= Beginning of Section =
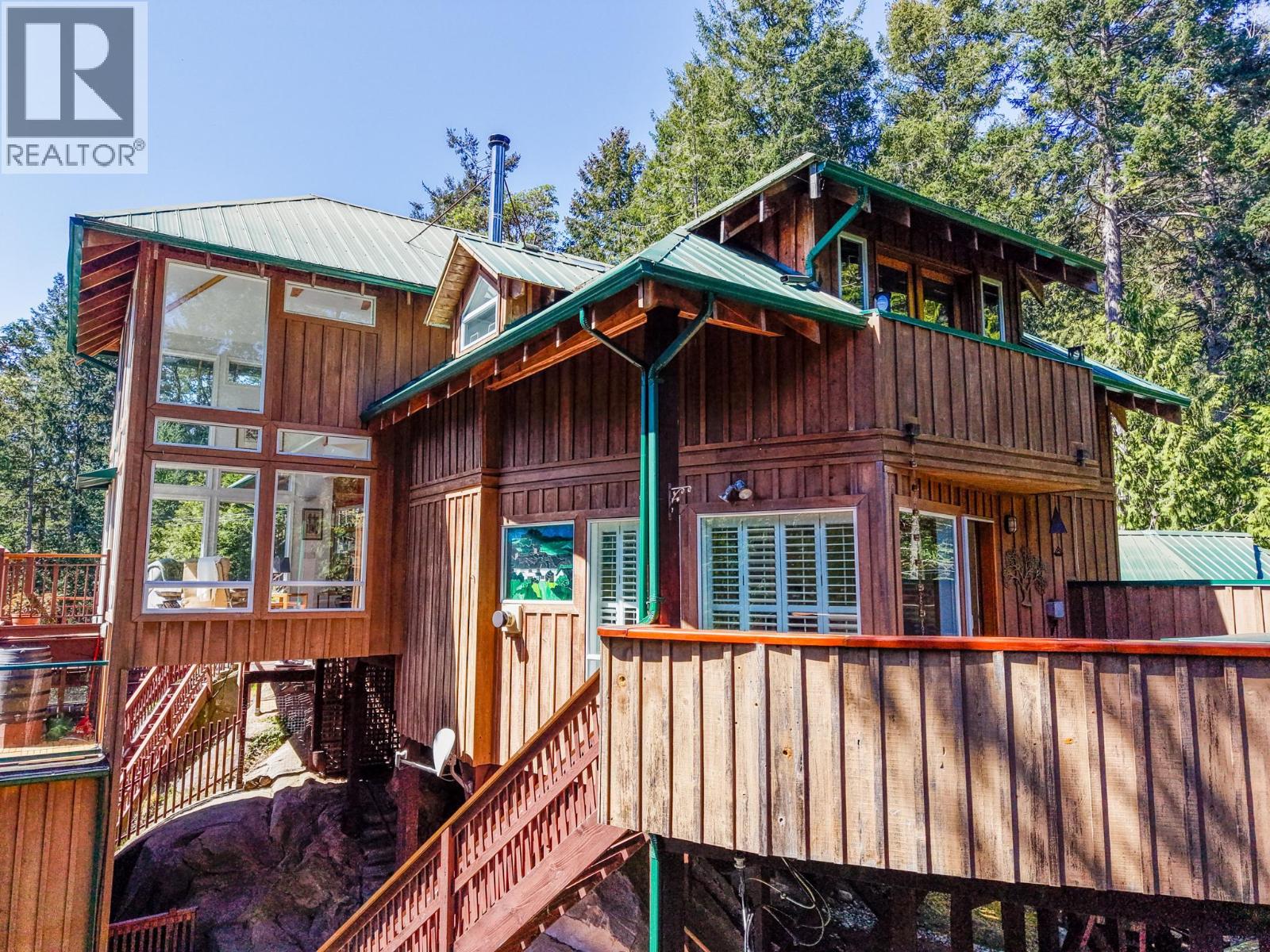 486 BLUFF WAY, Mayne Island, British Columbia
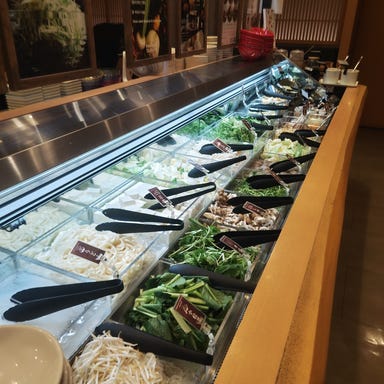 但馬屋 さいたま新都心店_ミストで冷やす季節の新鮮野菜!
= End of Section =
= Beginning of Section =
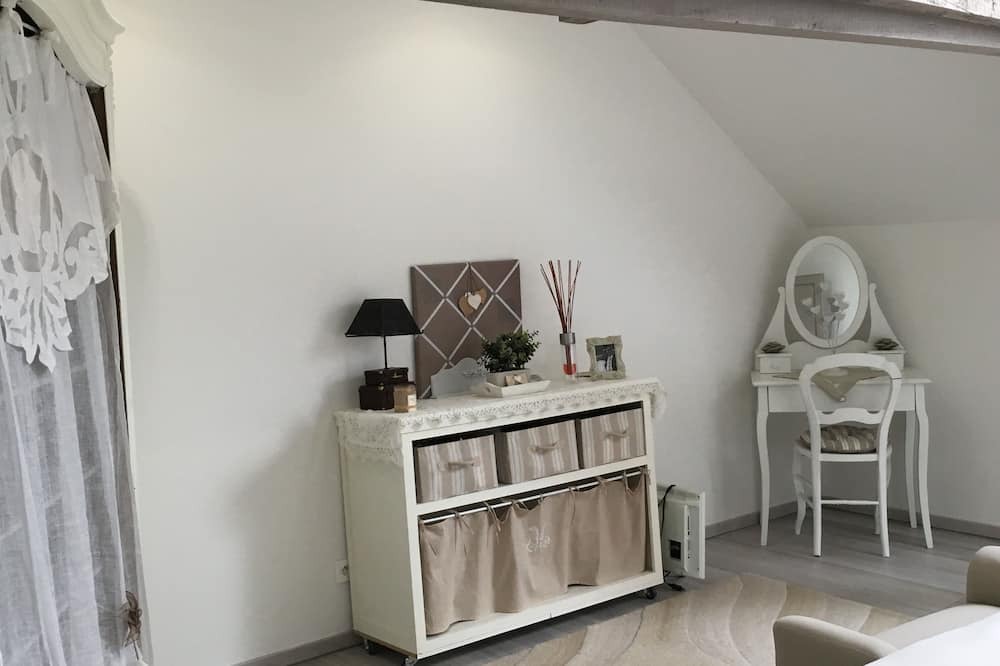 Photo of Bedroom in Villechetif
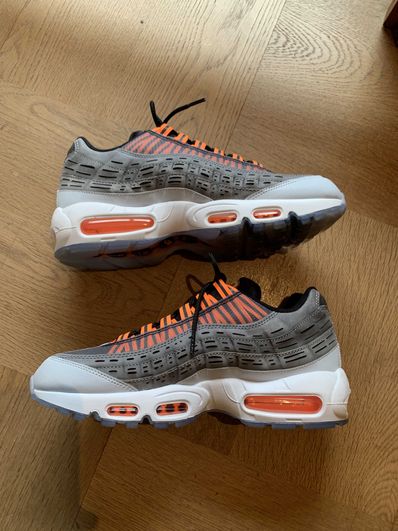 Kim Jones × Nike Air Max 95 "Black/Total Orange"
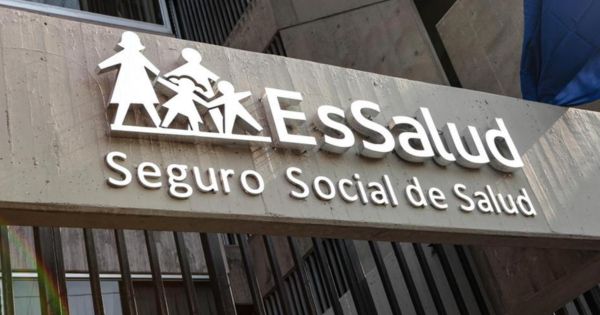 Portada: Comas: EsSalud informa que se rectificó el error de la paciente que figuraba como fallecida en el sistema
= End of Section =
Task objective >> Text only, no pictures: please print exactly the lines above from the line with "486 BLUFF WAY, Mayne" up to and including the line with "但馬屋 さいたま新都心店_ミストで冷やす季節の新鮮野菜!", and nothing else.

Written response >>
 486 BLUFF WAY, Mayne Island, British Columbia
 但馬屋 さいたま新都心店_ミストで冷やす季節の新鮮野菜!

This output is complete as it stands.